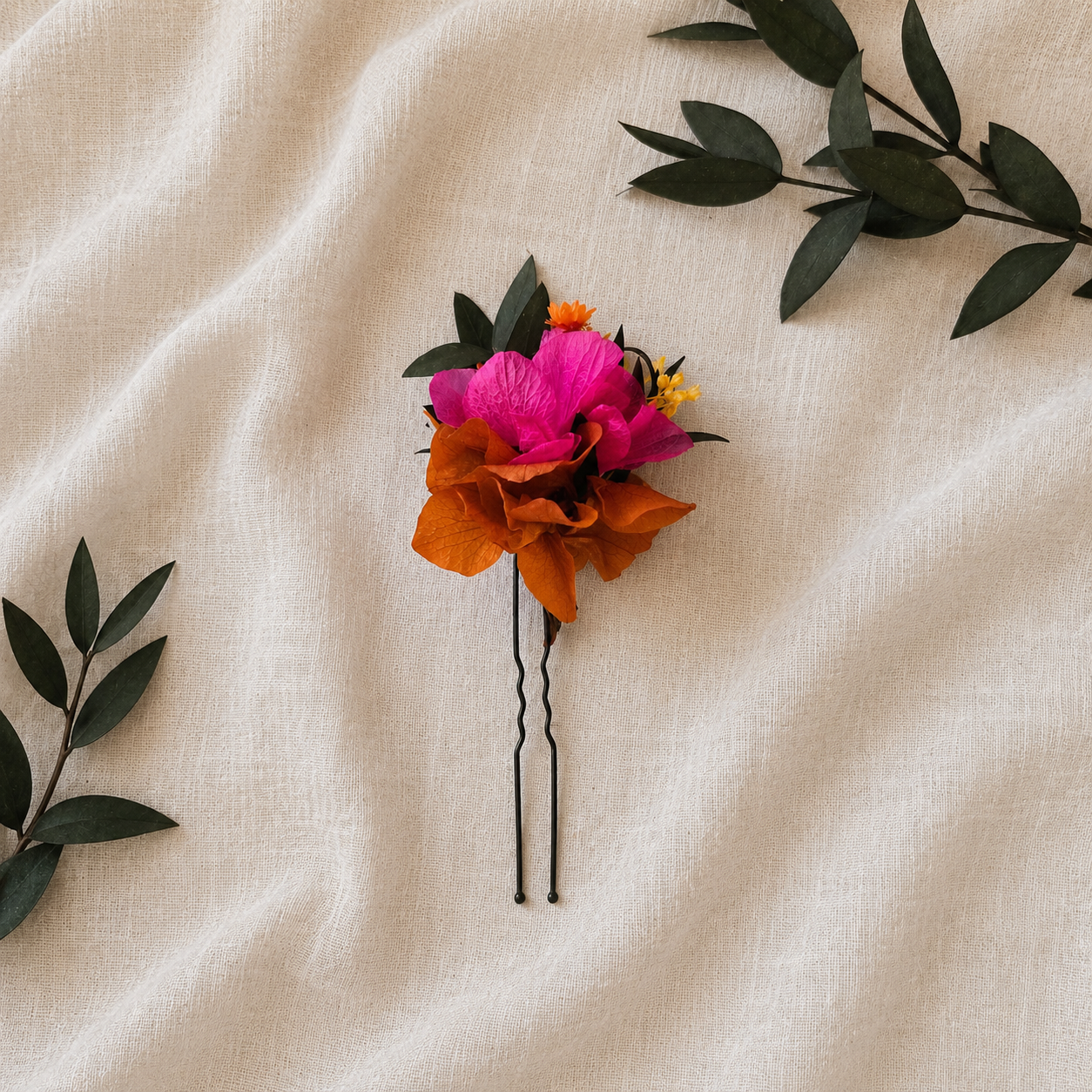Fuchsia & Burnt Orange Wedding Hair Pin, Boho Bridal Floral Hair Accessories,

---

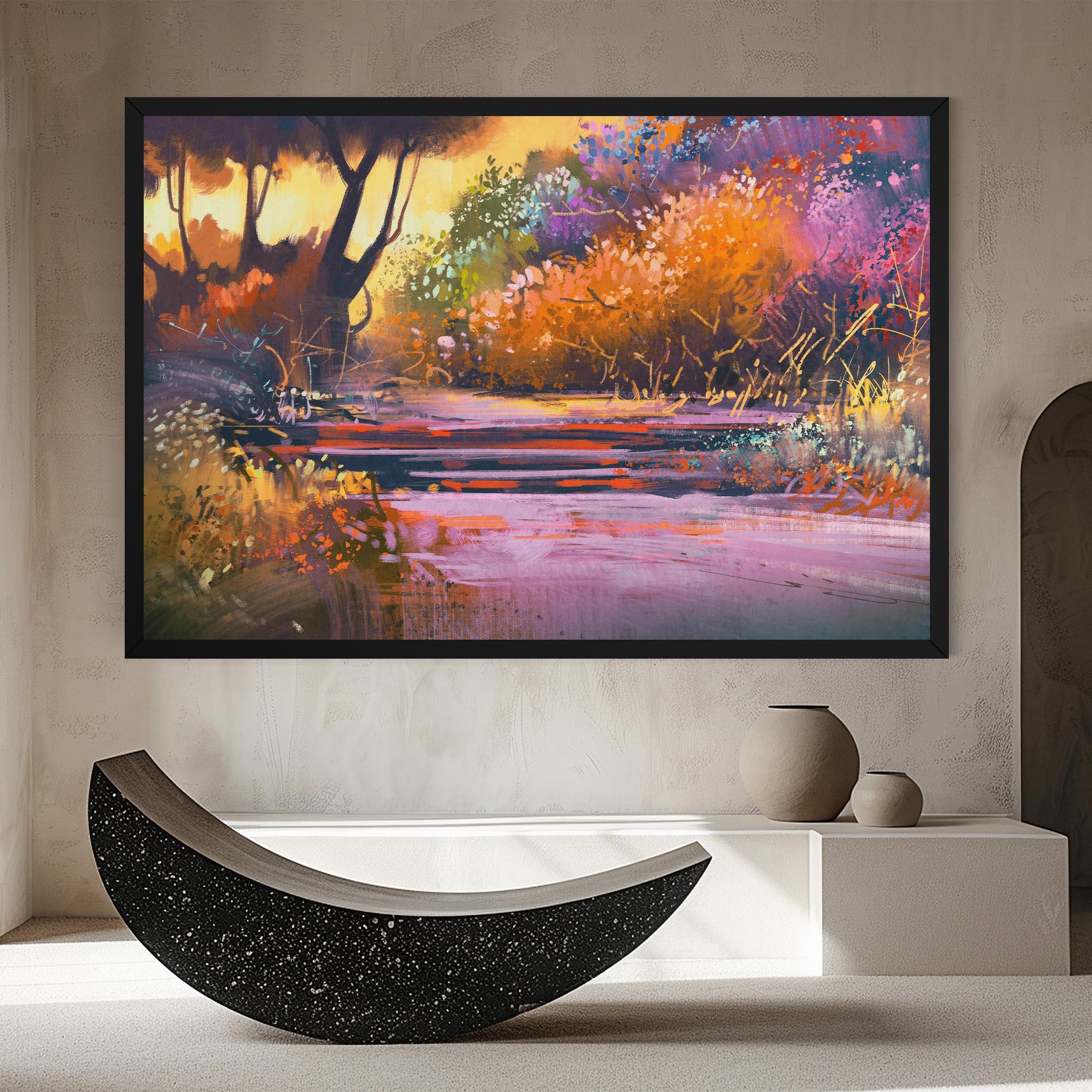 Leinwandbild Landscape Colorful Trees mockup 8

==

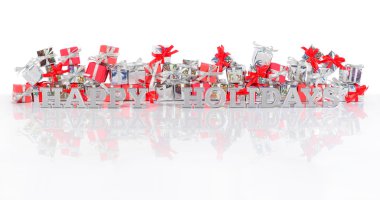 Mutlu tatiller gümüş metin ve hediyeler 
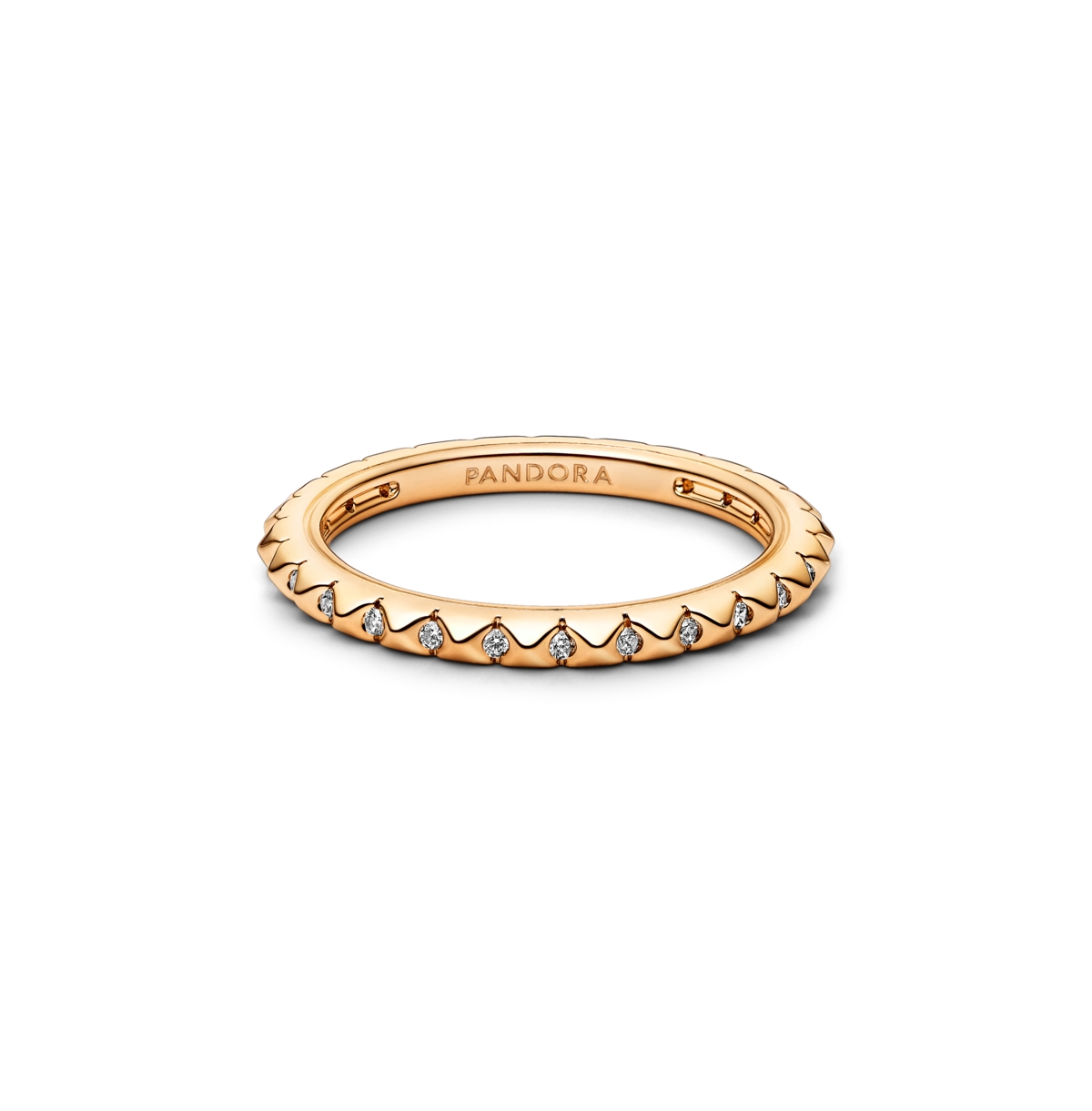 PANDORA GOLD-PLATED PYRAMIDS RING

- **What you have to do**
In the entries above, find the line that contains "Mutlu tatiller gümüş metin ve hediyeler" and the line that contains "PANDORA GOLD-PLATED PYRAMIDS RING". Reproduce exactly those two lines and every line between them, but not the pictures.

- **Output**
 Mutlu tatiller gümüş metin ve hediyeler 
 PANDORA GOLD-PLATED PYRAMIDS RING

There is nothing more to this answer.